I applaud the kids for taking note of small details. It may make them decent writers someday or maybe even an FBI Director (or both). Sometimes I just wish I wasn’t their favorite subject to study. Margo said to me the other day “You know how I know you’re old? Because you wear t-shirts with no words on them.” And it struck me because I had the same theory about my father when I was a kid. I thought dads must get to an age that wearing cool t-shirts just doesn’t matter anymore. That they must think, I’m only going to the hardware store, this shirt is fine.
So I got myself a few t-shirts with words on them. If you see me around town I may be wearing my Atlanta United tee (unique, I know). Then I may have jumped the shark by attempting to up my cool factor even further. I was scrolling through Facebook and an ad for a pair of shoes popped up for $39. Stylish genuine leather shoes looking nice! I was at work, quickly eating lunch before a meeting and it seemed like a great deal so I forgave the questionable grammar and just clicked the Buy button. Impulsive! On the interweb! Just like the young folks do!

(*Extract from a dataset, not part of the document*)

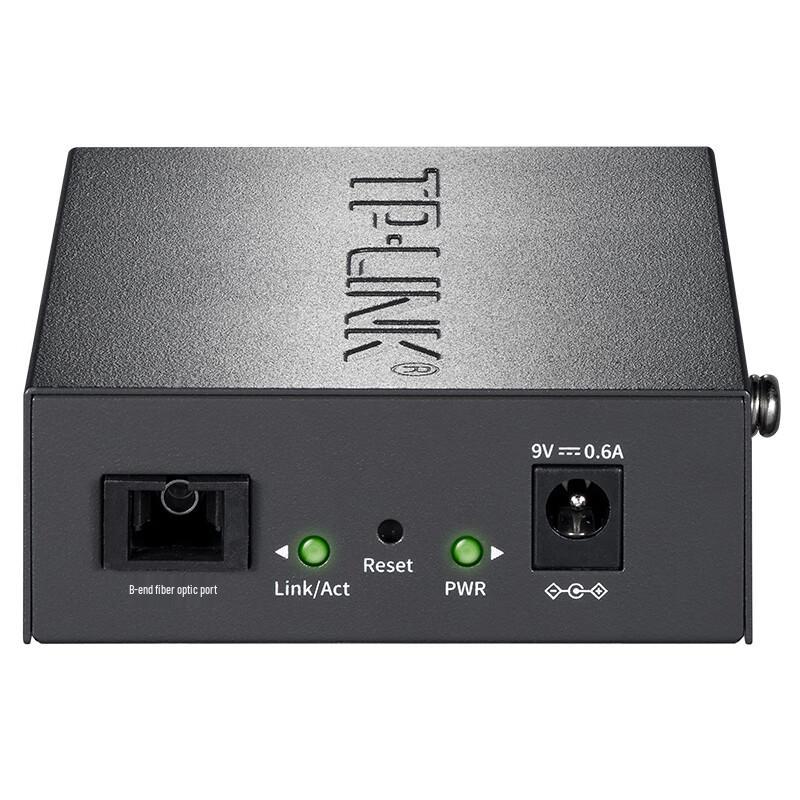 TP-LINK Fiber Optic Transceivers & Switches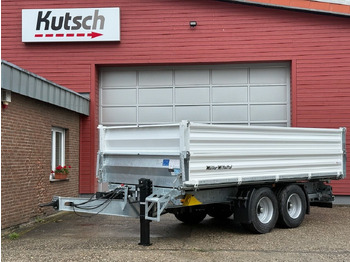 Kipper aanhangwagen MÜLLER MITTELTAL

The shoes are hideous. The stylish, brown shoes I thought I had purchased turned out to be a pair of orange Merkmaks (that is the brand name—my apologies to any brand devotees out there). They have breathing holes all over the top like you might find on a pair of running sneakers. I tried them on and Margo let out a spirited cackle conveying that of all my dorky dad anecdotes, these shoes may take top honors. So this month I am no younger nor any cooler than I was before and unless Kristen is throwing me a Miami Mambo themed birthday party, I may have a pair of shoes for sale.